Saudade! Espero que você esteja bem!
Já faz um tempão que não tenho notícias suas, o que acontece? Não recebi até agora resposta das duas cartas que te enviei, e essa é a terceira que te escrevo desde início da pandemia. Espero que responda. Está desanimada para sair e ir até o correio perto de sua casa? Quero muito saber como você está e o que tem feito para ocupar seus dias nesse isolamento.
A pandemia te deixou borocoxô? Ou será que minhas cartas não chegaram até você?
Pode até ser que as duas cartas que te enviei tenham se extraviado, pergunte para seu carteiro se acontece isso ainda.
Fico em dúvida agora se não recebeu ou se não quer responder. Será que escrevi errado seu endereço?
Desde que coloquei a primeira carta no correio, fico da janela esperando (é aquela janela lateral de meu quarto de dormir)… Enfim, fico da janela esperando o meu carteiro passar para perguntar:
— Seu Francisco, tem carta pra mim?
E ele responde:
— Só conta pra pagar.
E assim seguem os dias, sempre a mesma resposta dele. E nada de receber uma cartinha sua. Já estou ficando preocupada.
Meu Deus, será que você morreu? Ou eu que morri e aqui no céu não entregam correspondência? Tem tanta coisa acontecendo lá fora que nem sei. Para você ver, alguns parentes de meu falecido pai morreram de Covid. Fiquei triste por não poder me despedir deles. Falei disso na primeira carta que te enviei.

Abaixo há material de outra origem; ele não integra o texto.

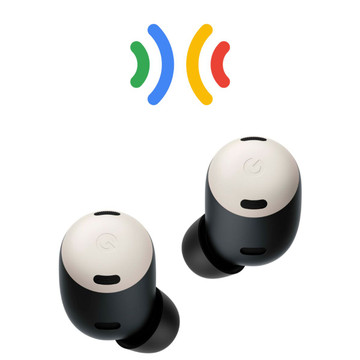 Google Pixel Buds Pro True Wireless Earbuds product image Google Pixel Buds Pro True Wireless Earbuds product image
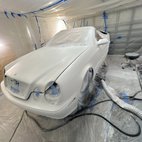 2000 Mercedes-Benz CLK-Class CLK 320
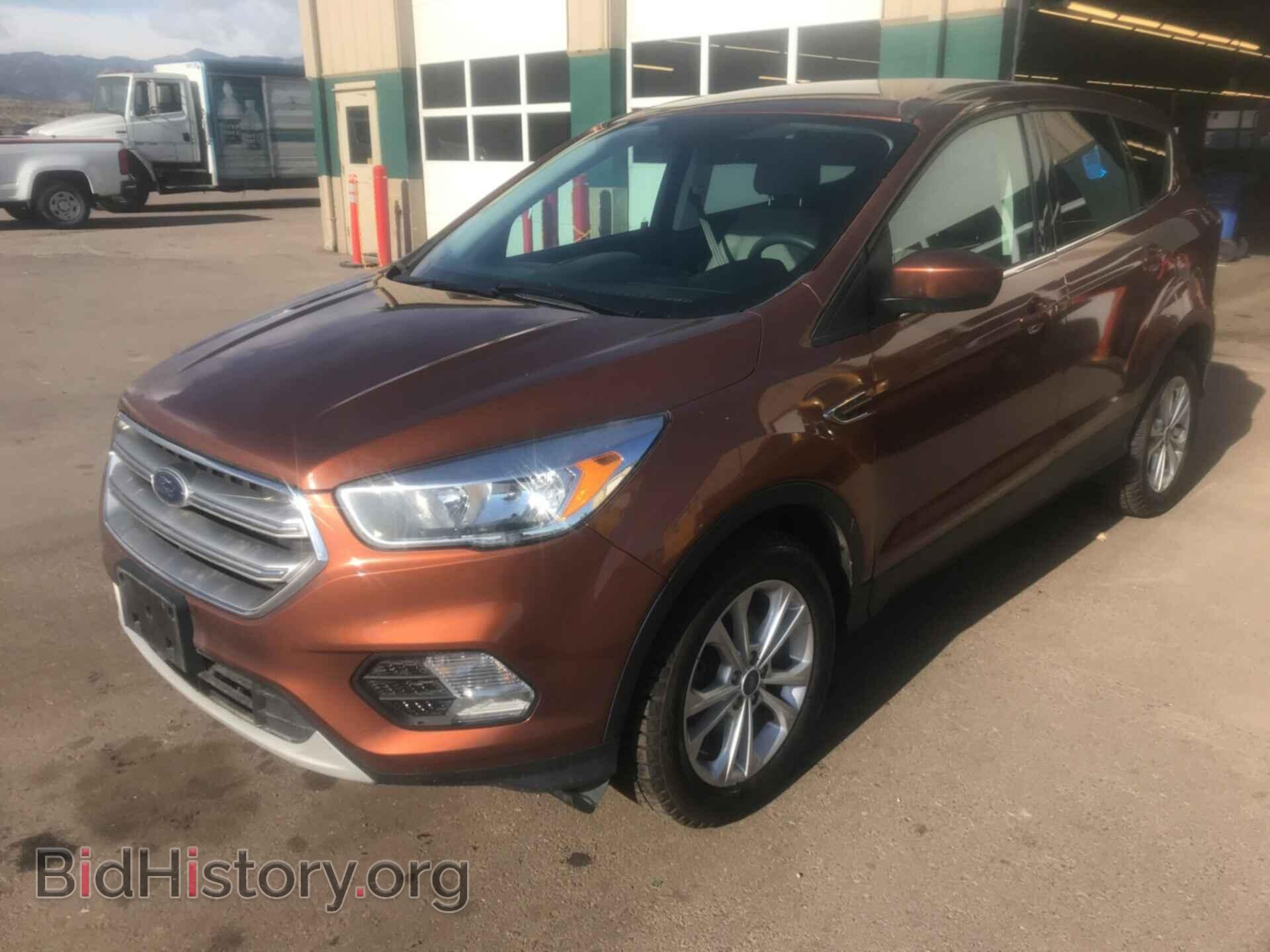 Photo 1FMCU0GD7HUB03877 - FORD ESCAPE 2017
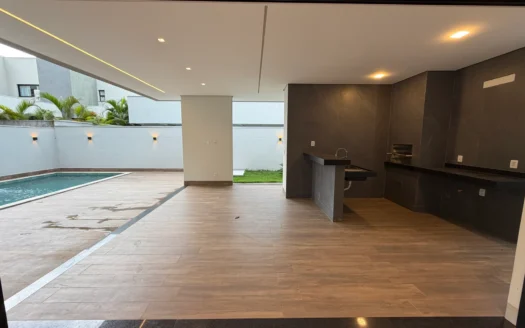 Sobrado com 4 Suítes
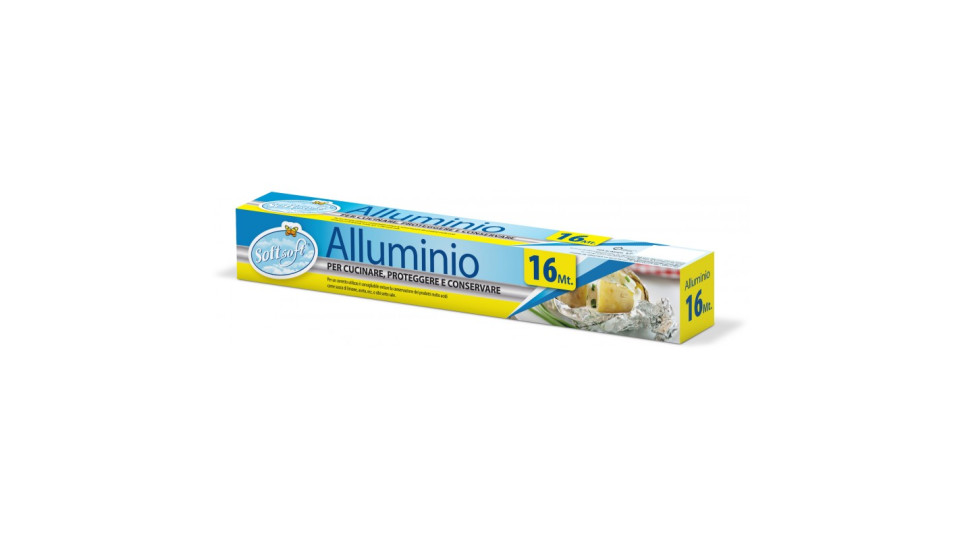 Soft Soft alluminio mt.16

Na segunda, contei de dois vizinhos, Genoval, o Geno, e a mulher dele, Cida. Eles não acreditavam no vírus, não se cuidavam e eram até um pouco agressivos verbalmente quando alguém usava máscara perto deles. Morreram também de Covid, o vírus que negavam existir.
Nesta carta de hoje não tenho muito para contar, pouco assunto, nada de novo a não ser que, como estou sem internet e sem telefone fixo porque não paguei as contas, meu celular caiu na água e não funciona de jeito nenhum, minha única forma de comunicação com agora é por carta. Esta que estou escrevendo.
Também estou escrevendo para uma sobrinha do interior de Minas, um tio que mora em Portugal e uma outra amiga que mora aqui mesmo na cidade. Eles devem ter tentado entrar em contato comigo, mas não sabem que o único jeito saber de mim atualmente é por carta.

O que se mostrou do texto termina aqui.